Too Much Love for Tencent’s Success
March 29, 2014 Leave a comment
Too Much Love for Tencent’s Success
AARON BACK
Updated March 19, 2014 7:11 p.m. ET
Tencent Holdings TCEHY -1.24% is collecting mobile users at a rapid pace. But hype about mobile payments is pushing the stock to heights at which investors should brace themselves.
In the fourth quarter, the Chinese Internet giant saw revenue rise 40% year over year, boosted by its dominant position selling virtual paraphernalia in its mobile-games universe. Net profit rose a less impressive 13% due to marketing costs. But that spending is yielding results.

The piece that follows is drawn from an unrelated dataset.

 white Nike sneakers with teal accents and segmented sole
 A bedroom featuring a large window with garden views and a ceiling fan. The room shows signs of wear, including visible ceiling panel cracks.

Mobile messaging platform WeChat had 355 million users at the end of 2013. QQ, Tencent’s old desktop messaging product, has a mobile version with 426 million monthly users.
The upshot is that Tencent looks better positioned in mobile than any major Chinese rival. Shares have more than doubled in the past year, and Tencent is now valued at $140 billion. Facebook’s market capitalization is $176 billion.
While the underlying business is enviable, the stock is frothy. Analysts have tripped over one another to stay ahead by raising price targets. Although it isn’t currently a big source of revenue, a key rationale for bullish calls has been the huge potential for payments made with smartphones.
Goldman Sachs GS +0.55% last month raised its target from 450 Hong Kong dollars (about $58) to 700, 23% above today’s price. Goldman projects that Tencent’s mobile payments will account for 12% of all retail sales in China by 2017, or $683 billion, up from almost zero today. Assuming that Tencent takes a 1% cut on transactions, earns a 25% operating margin and few other conditions, then slapping a multiple of 35 on those future earnings, Goldman gets a $45 billion valuation for the mobile-payment business, or HK$190 a share.
Tweaking any of these assumptions even slightly would mean huge swings in valuation. Little wonder, then, that investors sent shares down 7% over two days after the Chinese central bank suspended two types of mobile payments last week due to security concerns.
Tencent is working with regulators on a solution, and the potential for mobile payments is big. But with shares trading at 40 times 2014 earnings, investors should be ready for more sharp corrections.